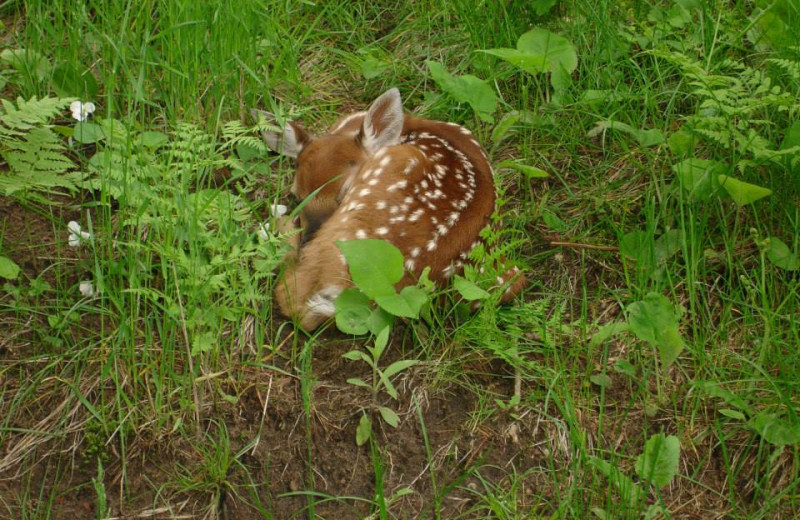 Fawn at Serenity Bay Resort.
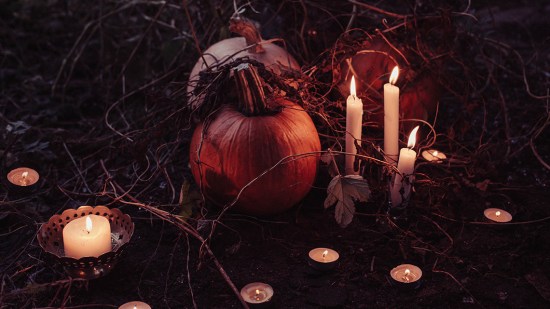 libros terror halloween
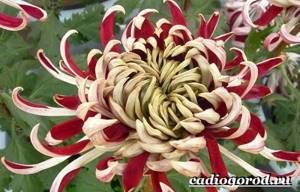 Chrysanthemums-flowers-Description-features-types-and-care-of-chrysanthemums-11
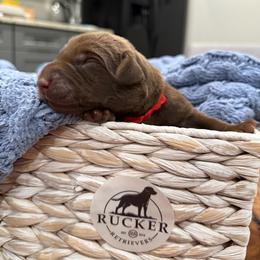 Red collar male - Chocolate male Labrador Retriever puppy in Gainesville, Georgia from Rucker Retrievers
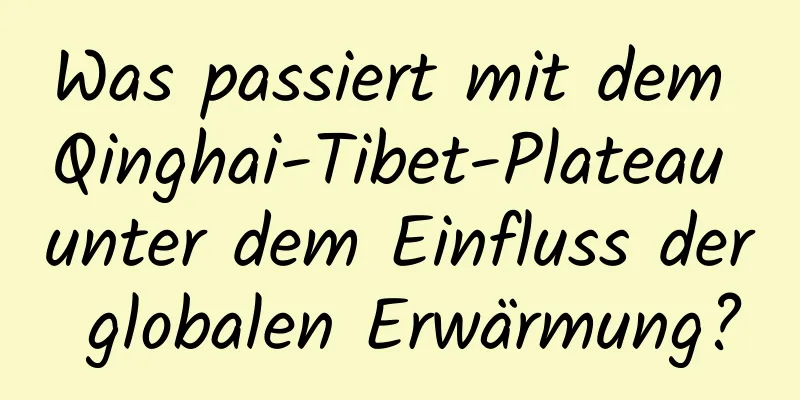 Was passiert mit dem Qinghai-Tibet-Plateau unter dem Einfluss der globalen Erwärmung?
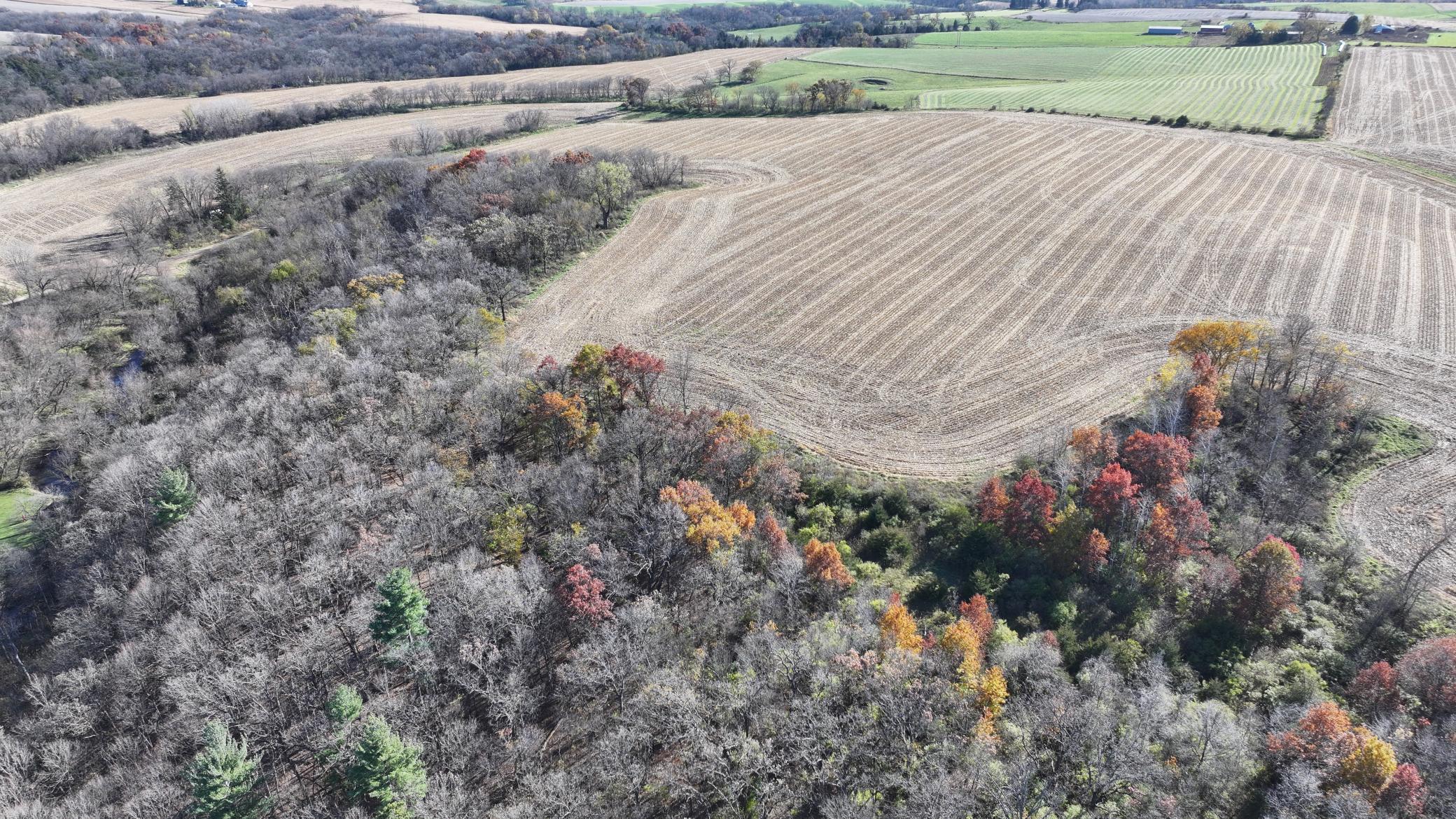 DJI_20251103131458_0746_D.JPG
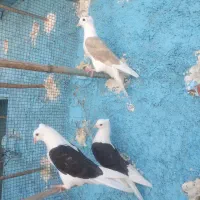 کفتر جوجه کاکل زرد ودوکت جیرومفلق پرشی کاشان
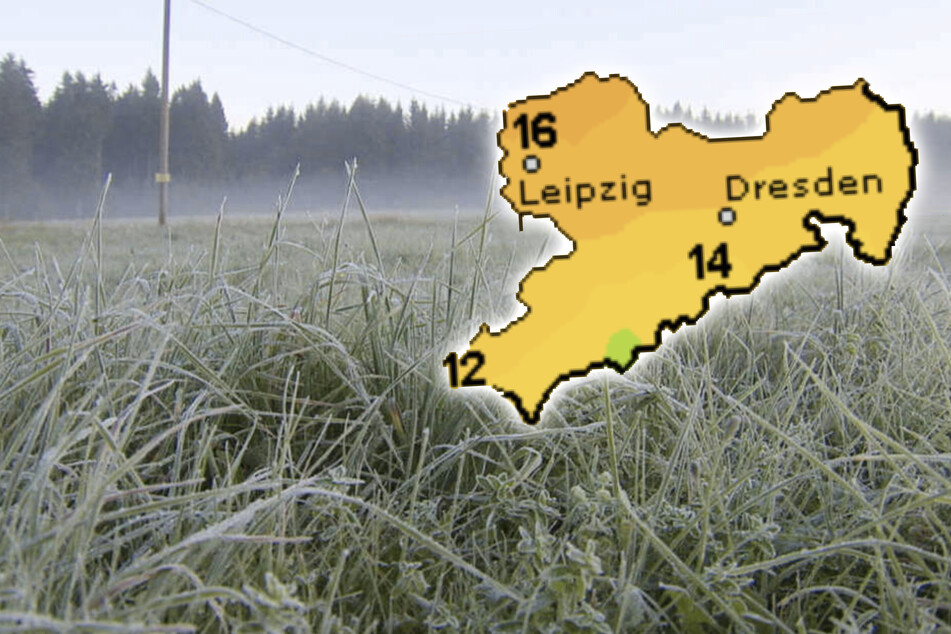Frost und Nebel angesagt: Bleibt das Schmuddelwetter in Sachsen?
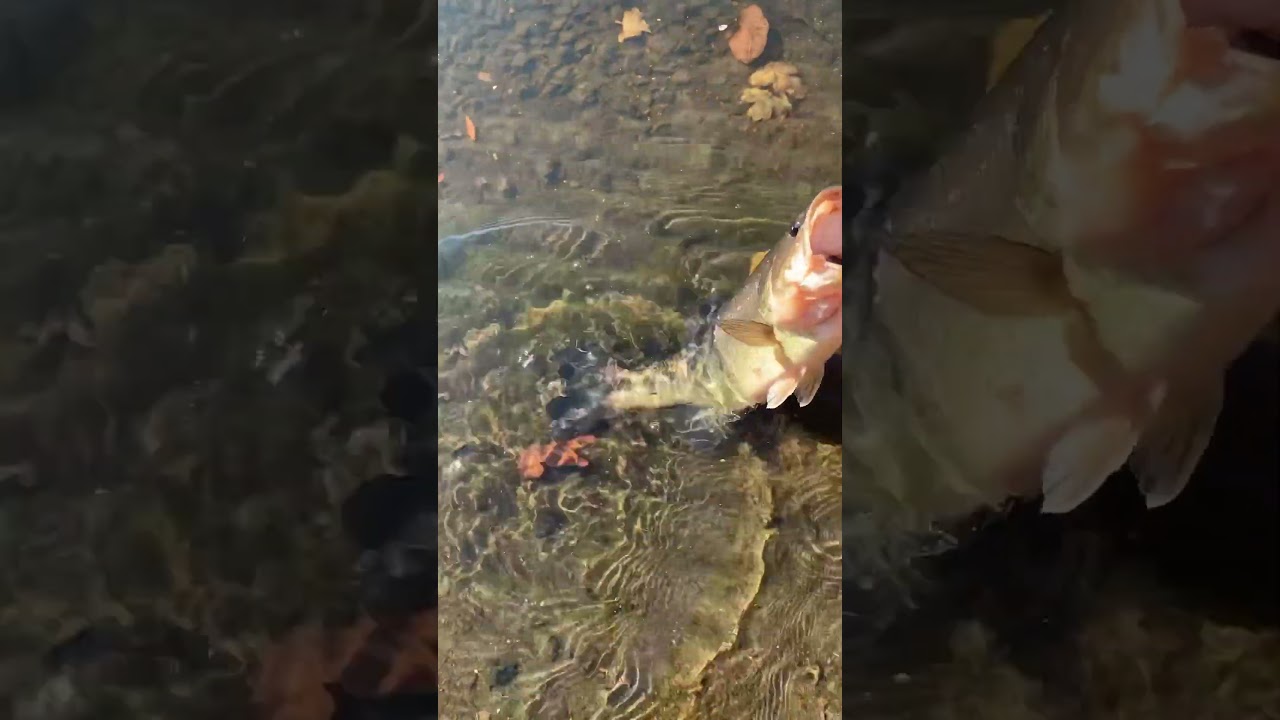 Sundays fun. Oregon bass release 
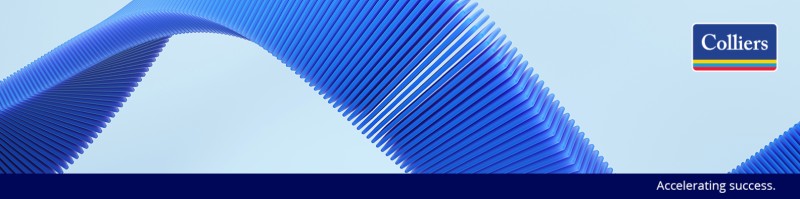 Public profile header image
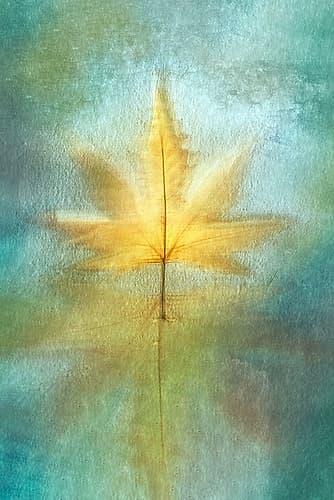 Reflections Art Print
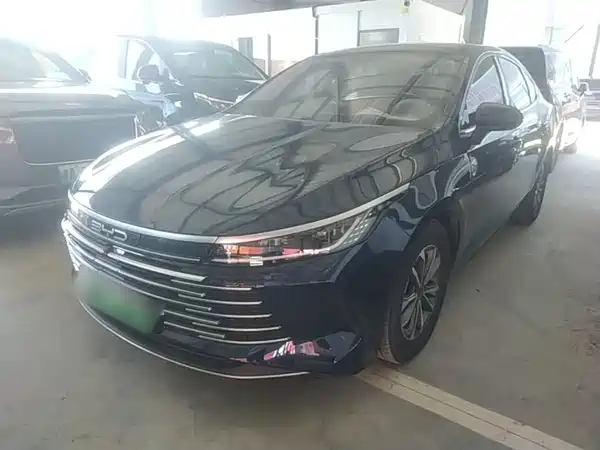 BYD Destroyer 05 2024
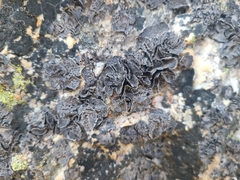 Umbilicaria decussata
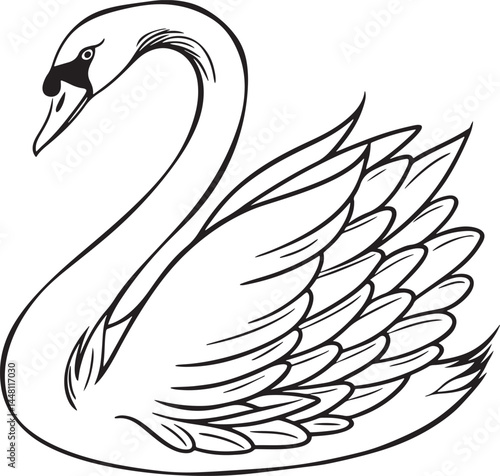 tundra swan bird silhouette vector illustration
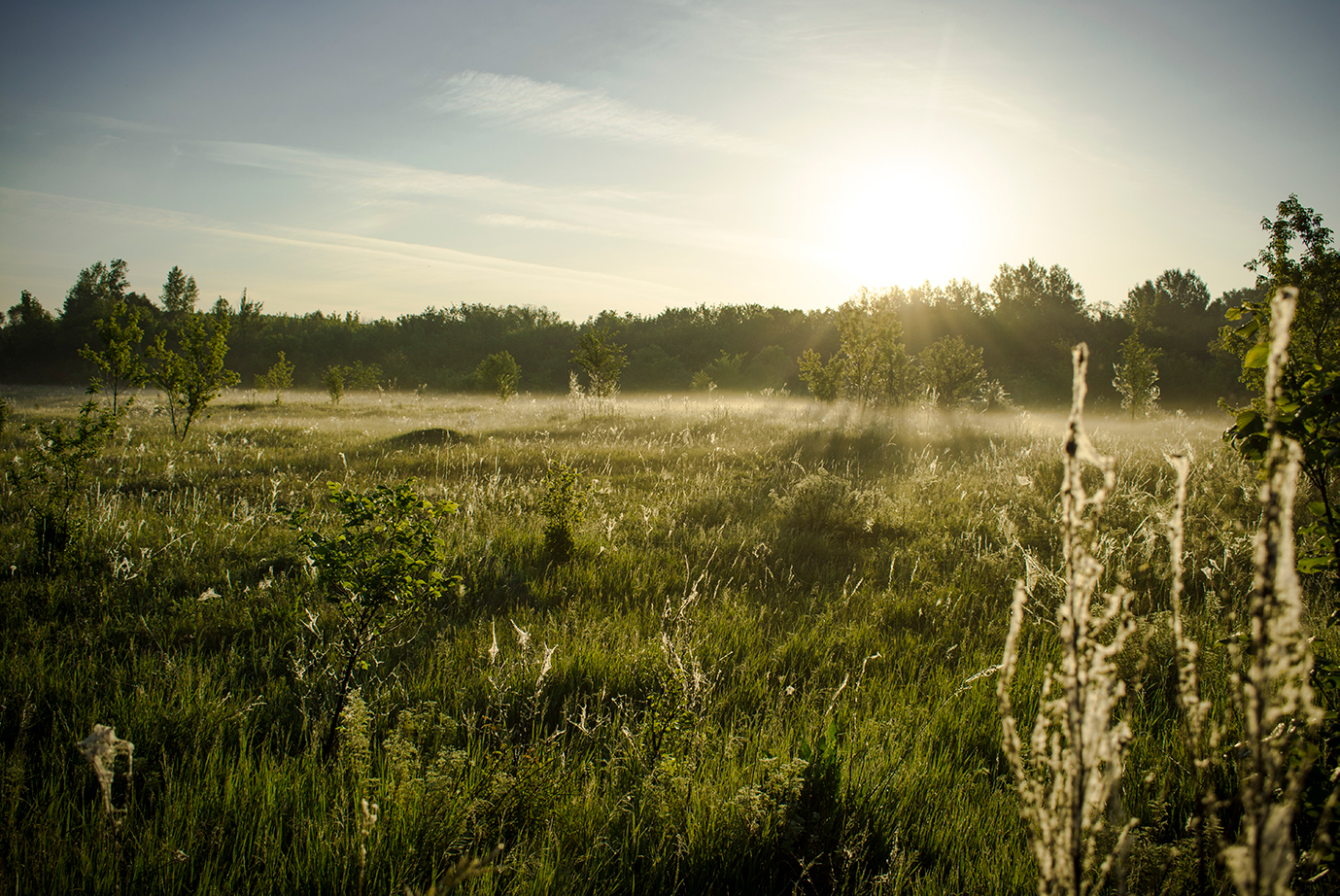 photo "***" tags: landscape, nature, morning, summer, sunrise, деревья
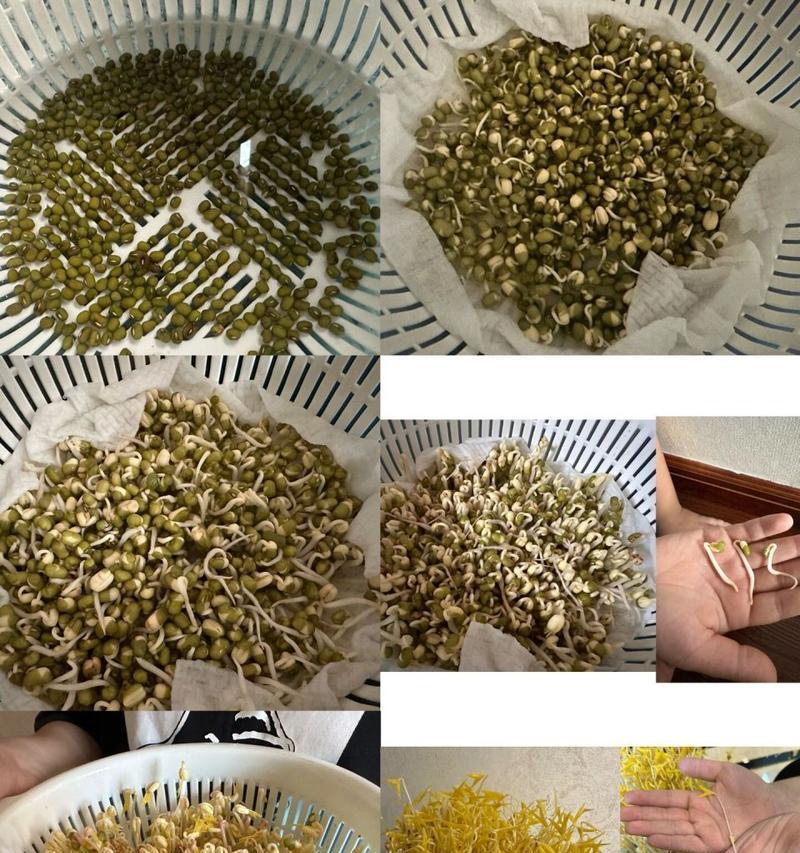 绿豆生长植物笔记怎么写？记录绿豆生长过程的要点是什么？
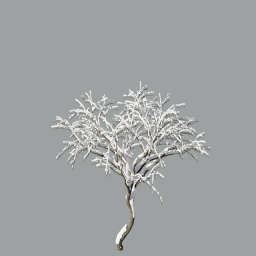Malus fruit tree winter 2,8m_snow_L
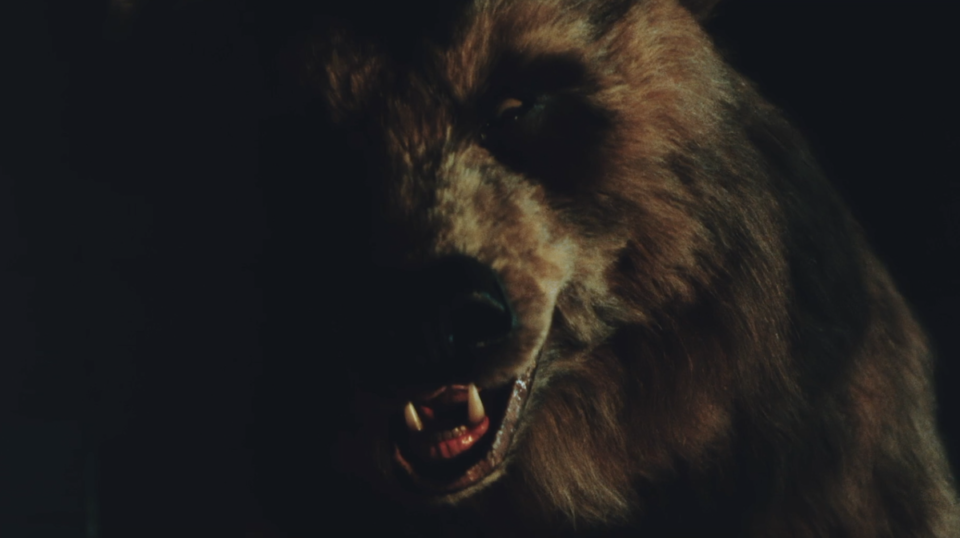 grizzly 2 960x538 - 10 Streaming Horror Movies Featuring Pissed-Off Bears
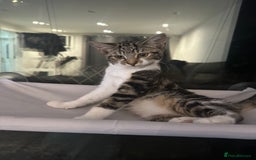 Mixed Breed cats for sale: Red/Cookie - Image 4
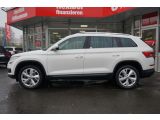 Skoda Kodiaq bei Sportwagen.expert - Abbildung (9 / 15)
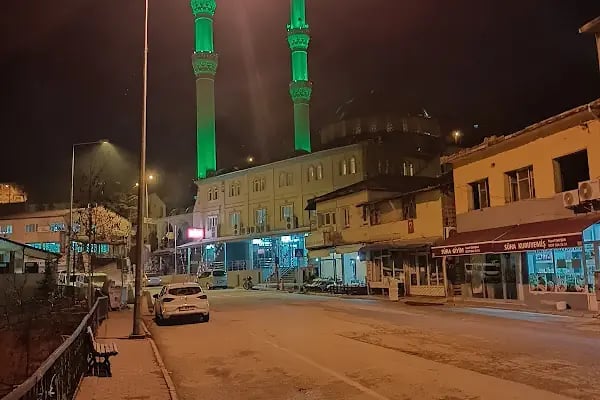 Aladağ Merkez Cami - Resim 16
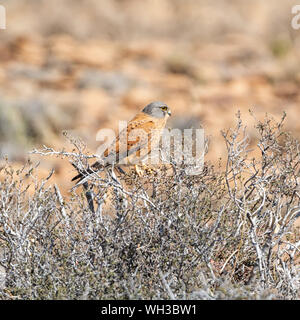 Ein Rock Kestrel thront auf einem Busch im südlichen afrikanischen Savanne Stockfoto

----

TASK DIRECTIONS: Looking at the listing above, which lines run from the one containing "libros terror halloween" through the one containing "Was passiert mit"? Print exactly those, ends included, pictures excluded.

RESULT OF THE EXERCISE:
 libros terror halloween
 Chrysanthemums-flowers-Description-features-types-and-care-of-chrysanthemums-11
 Red collar male - Chocolate male Labrador Retriever puppy in Gainesville, Georgia from Rucker Retrievers
 Was passiert mit dem Qinghai-Tibet-Plateau unter dem Einfluss der globalen Erwärmung?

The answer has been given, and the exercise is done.